How to complete this task:
Print the entries below again exactly as they stand, but skip any picture.

Extracted material:
*-*-*
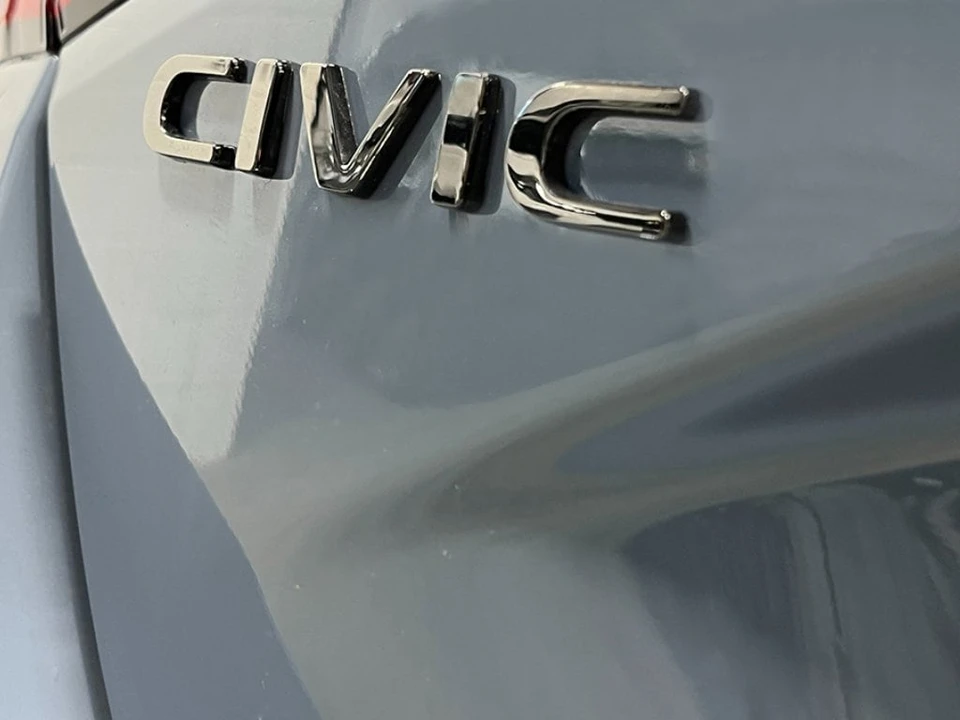 2026 Honda FL5 Civic Type R - Image 9 of 24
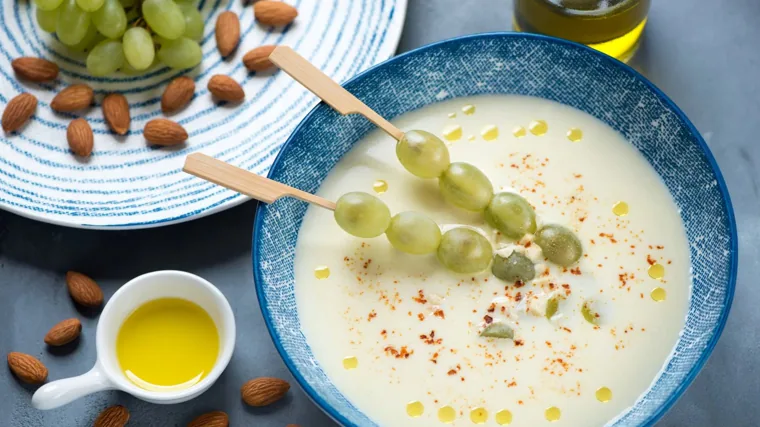 Esta sopa fría de origen humilde se elabora a base de almendras, pan, aceite de oliva, vinagre y ajo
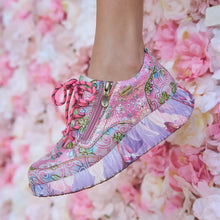 Load image into Gallery viewer, Laura Vita Nikito 62 Rose Sneakers
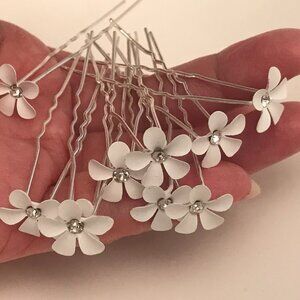 New__ Set of 10 __Metal Flower U-shape Hair Pins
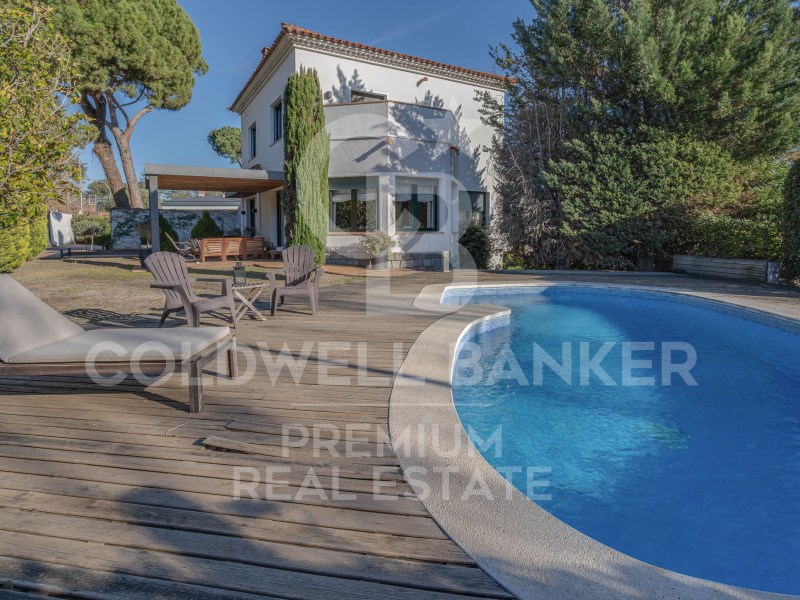 Barcelona, Cerdanyola del Vall?s, Bellaterra Barce, Cerdanyola del Vallès, Catalonia, ES, 3 Bedrooms Bedrooms, ,4 BathroomsBathrooms,Residential,For Sale,Barcelona, Cerdanyola del Vall?s, Bellaterra Barce,1612402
*-*-*
Reply:
 2026 Honda FL5 Civic Type R - Image 9 of 24
 Esta sopa fría de origen humilde se elabora a base de almendras, pan, aceite de oliva, vinagre y ajo
 Load image into Gallery viewer, Laura Vita Nikito 62 Rose Sneakers
 New__ Set of 10 __Metal Flower U-shape Hair Pins
 Barcelona, Cerdanyola del Vall?s, Bellaterra Barce, Cerdanyola del Vallès, Catalonia, ES, 3 Bedrooms Bedrooms, ,4 BathroomsBathrooms,Residential,For Sale,Barcelona, Cerdanyola del Vall?s, Bellaterra Barce,1612402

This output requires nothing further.